● PROBLEM DETAILS: Below are entries with pictures in them. Output exactly the lines starting at the line with "Belkin Connect USB-C" and ending at the line with "A Georgian mahogany", both included, but not the pictures.

● AVAILABLE RECORDS:
───

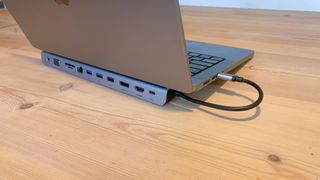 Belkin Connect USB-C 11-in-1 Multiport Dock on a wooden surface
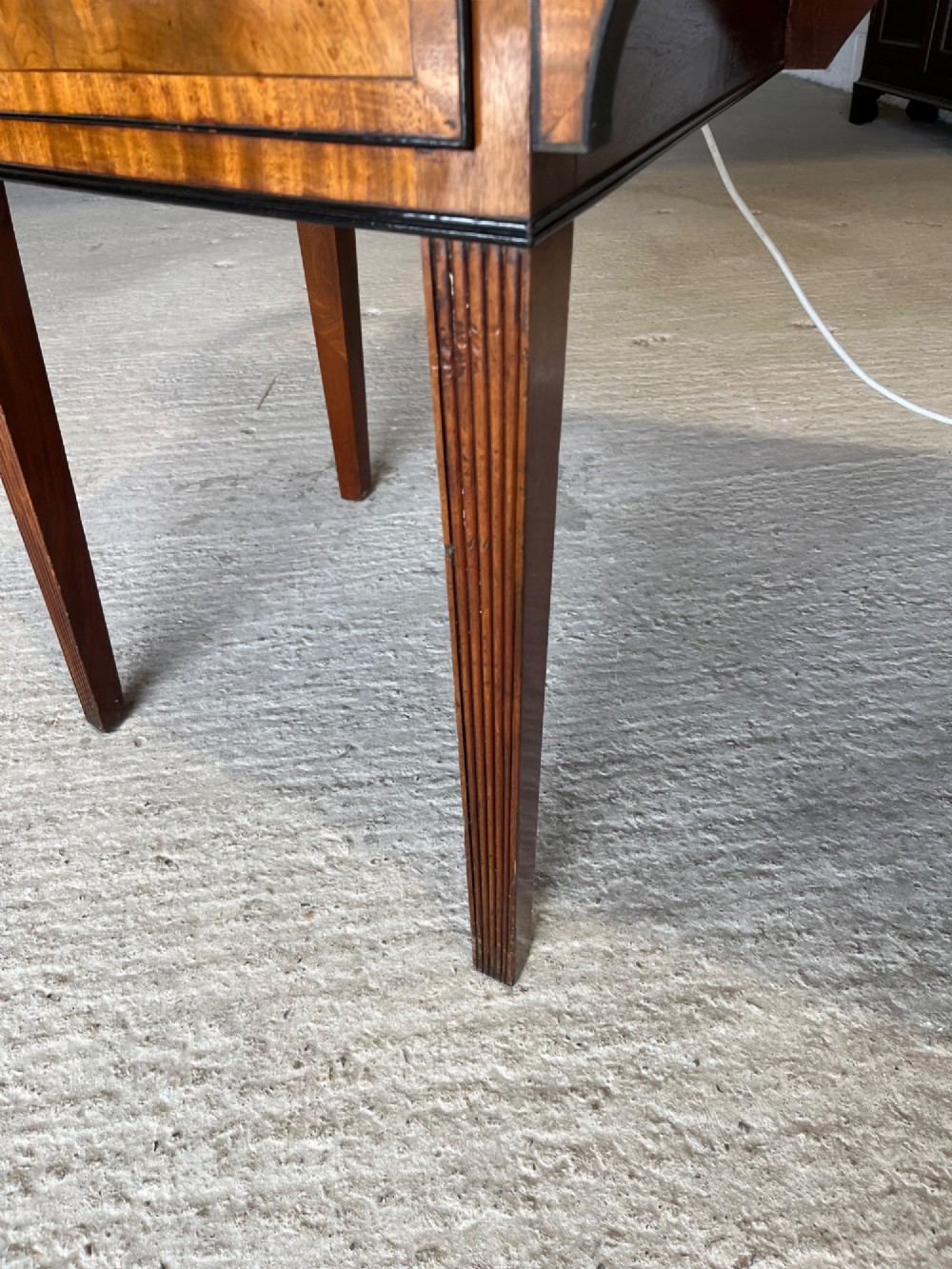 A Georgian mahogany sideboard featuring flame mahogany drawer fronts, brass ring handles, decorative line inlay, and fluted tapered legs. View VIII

───

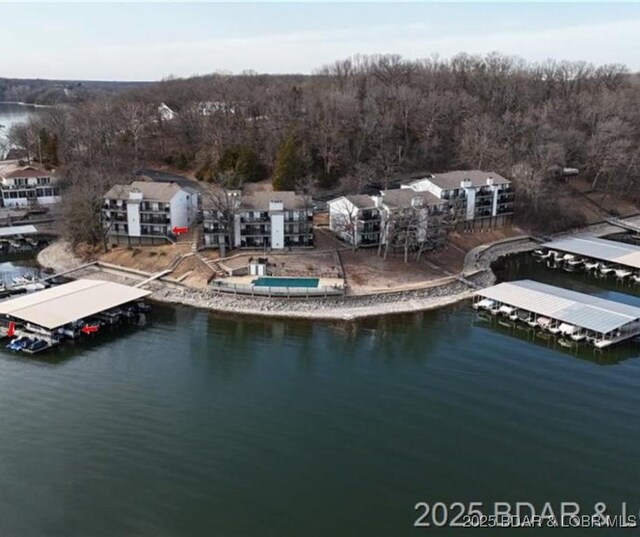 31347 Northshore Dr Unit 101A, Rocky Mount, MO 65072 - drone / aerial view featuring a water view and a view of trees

───

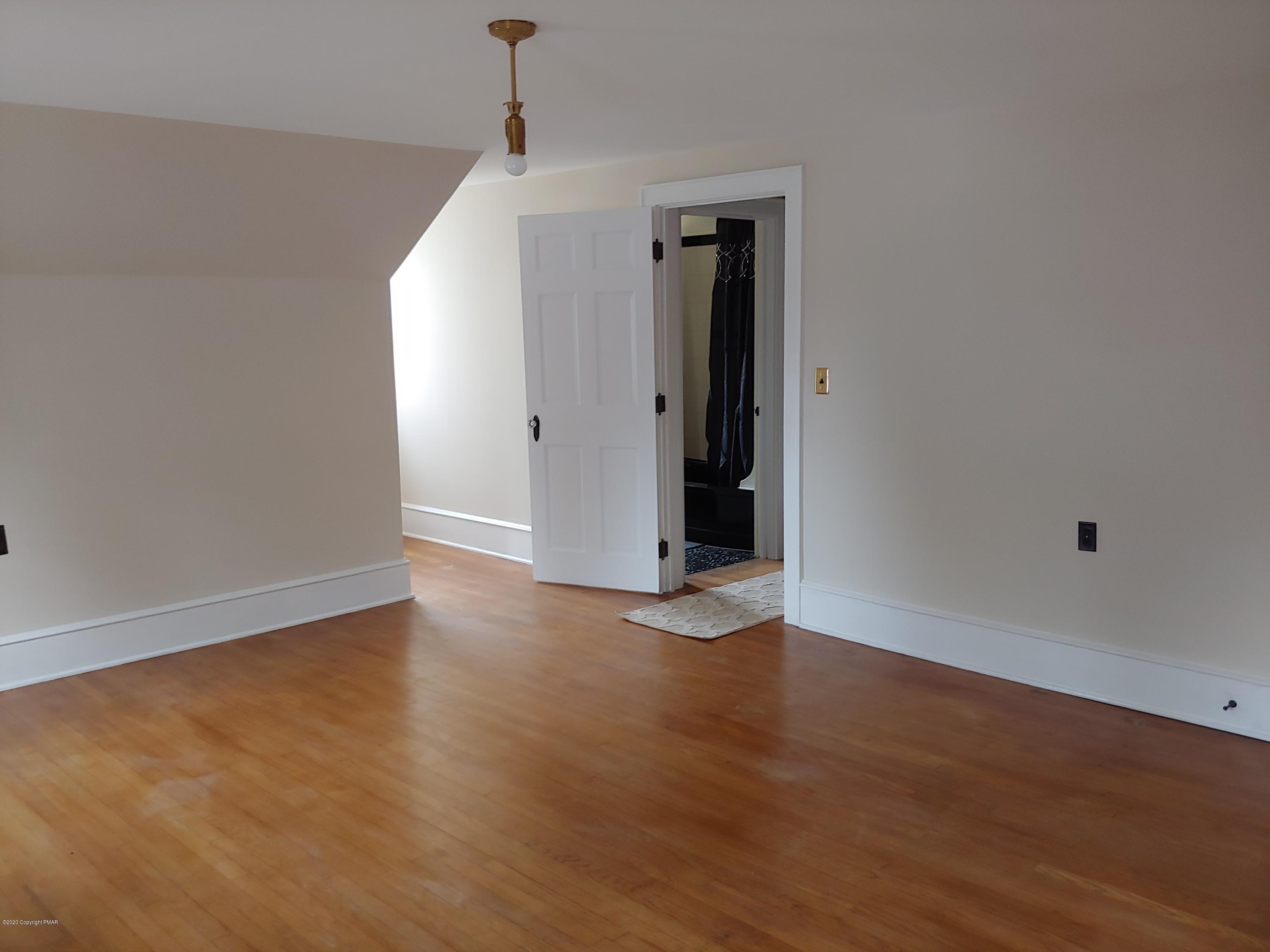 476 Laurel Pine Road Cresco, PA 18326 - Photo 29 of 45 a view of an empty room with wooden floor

───

● SOLUTION TO THE EXERCISE:
 Belkin Connect USB-C 11-in-1 Multiport Dock on a wooden surface
 A Georgian mahogany sideboard featuring flame mahogany drawer fronts, brass ring handles, decorative line inlay, and fluted tapered legs. View VIII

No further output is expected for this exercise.